My homeplace is a rambling Dutch Colonial on the outskirts of a small mill town in west-central Georgia, where my late grandparents, two great-aunts and great-grandmother lived for decades. It’s where my mother grew up.

And it’s where my mother returned to give birth to me, her first-born, in the mid-1950s, after the U.S. Army assigned my father to an overseas post in Japan.

Thanks to the Army, my mother’s homeplace also became mine. It’s where I spent the first year of my life, and most of my summers growing up, in the warm embrace of a large, loving family, surrounded by the simple pleasures of small-town life in the 1960s and ’70s.

It’s also where my parents, my brother and I would visit during many wonderful Christmases, in an era where a small, tacky silver tree, a simple wreath on the door, and a few multi-colored bulbs glowing in the Japanese hollies constituted a festive holiday house. The holiday, after all, was not about the flashy wrapping paper; it was about the love and caring inside the box. (And, sure, also about the generous spread of food to be shared!)

After the passing of my grandparents long ago, the Dutch Colonial passed to others, who now make their own memories in those very same spaces I remember so fondly, so well. I’m grateful for the time I spent there.

And we’re grateful for the time our readers spend with us, in the shared space of a special little magazine. To close out our final issue of the year, we herewith offer some favorite passages from treasured works of the season.
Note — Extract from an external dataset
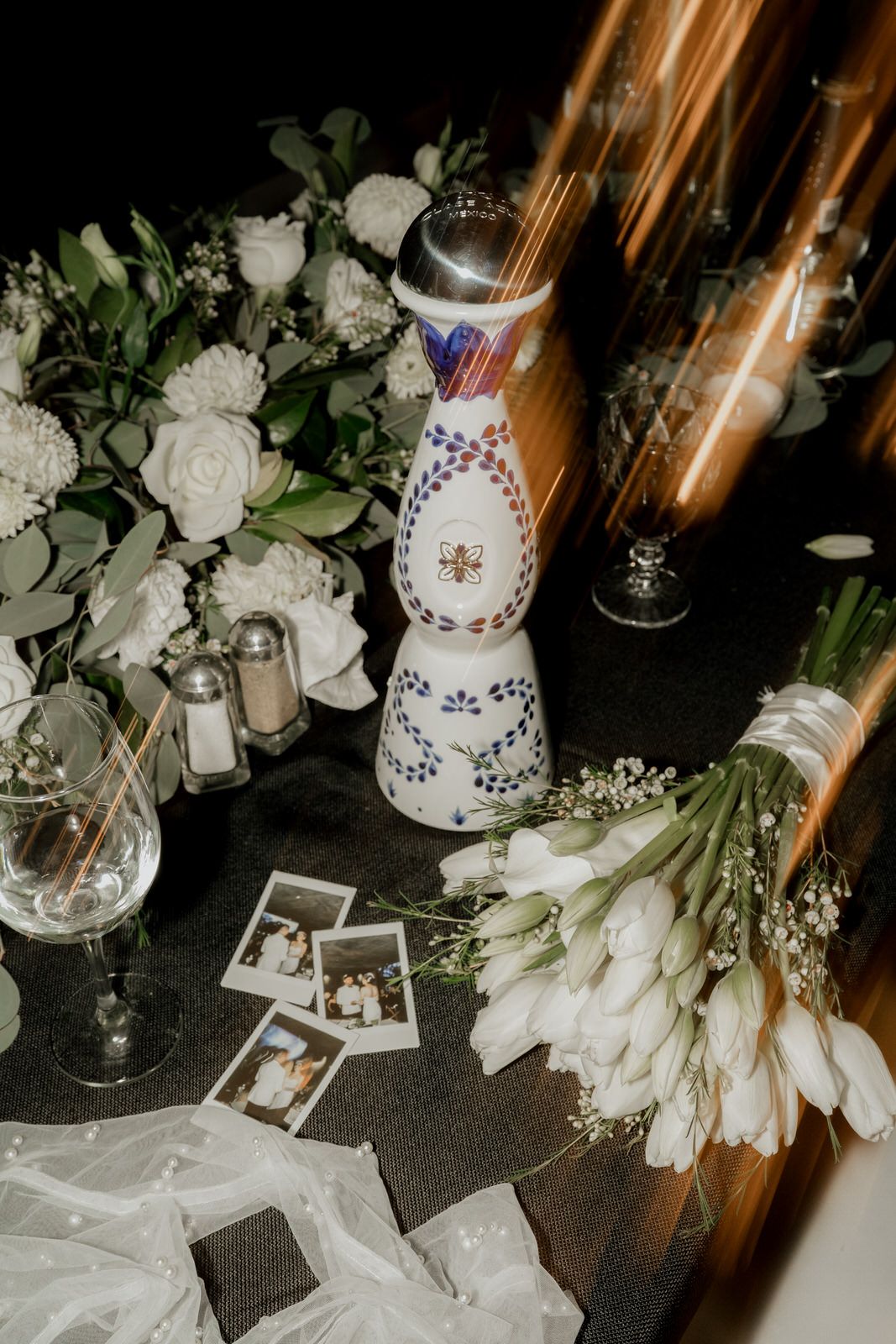 Elegant white floral centerpiece with candles and decorative details on dark table surface.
Imagine a morning in late November. A coming of winter morning more than twenty years ago. Consider the kitchen of a spreading old house in a country town … A woman with shorn white hair is standing at the kitchen window. She is wearing tennis shoes and a shapeless gray sweater over a summery calico dress. She is small and sprightly, like a bantam hen; but, due to a long youthful illness, her shoulders are pitifully hunched. Her face is remarkable — not unlike Lincoln’s, craggy like that, and tinted by sun and wind; but it is delicate, too, finely boned, and her eyes are sherry-colored and timid.

“Oh my,” she exclaims, her breath smoking the windowpane, “it’s fruitcake weather!”

— Truman Capote, “A Christmas Memory,”
from Selected Writings of Truman Capote, 1956.

We sleep, and at length awake to the still reality of a winter morning. The snow lies warm as cotton or down upon the window sill; the broadened sash and frosted panes admit a dim and private light, which enhances the snug cheer within.

— Henry David Thoreau,
“A Winter Walk,” 1843.

“It’s all so beautiful and at the same time so baffling,” said Mrs. Baxter … “What is Christmas? You can’t tell me and neither can anyone else. Is it a religious day — or a pagan festival — or is it just a bit of folklore that won’t die?”

“Or a shot in the arm for the department stores,” suggested Mr. Baxter.

“All right. A shot in the arm, if you will. It can be all these things and at the same time it’s none of them. On the surface it’s dozens of things that are constantly changing. Yet the heart of it never changes. It just goes right on beating through the centuries, strong and ageless.”

— Edward Streeter, Merry Christmas,
Mr. Baxter, 1956.

The miracle of Christmas is that, like the distant and very musical voice of the hound, it penetrates finally and becomes heard in the heart — over so many years, through so many cheap curtain-raisers. It is not destroyed even by all the arts and craftiness of the destroyers, having an essential simplicity that is everlasting and triumphant, at the end of confusion.

— E. B. White, “The Distant Music of the Hounds,”
from The Second Tree from the Corner, 1949.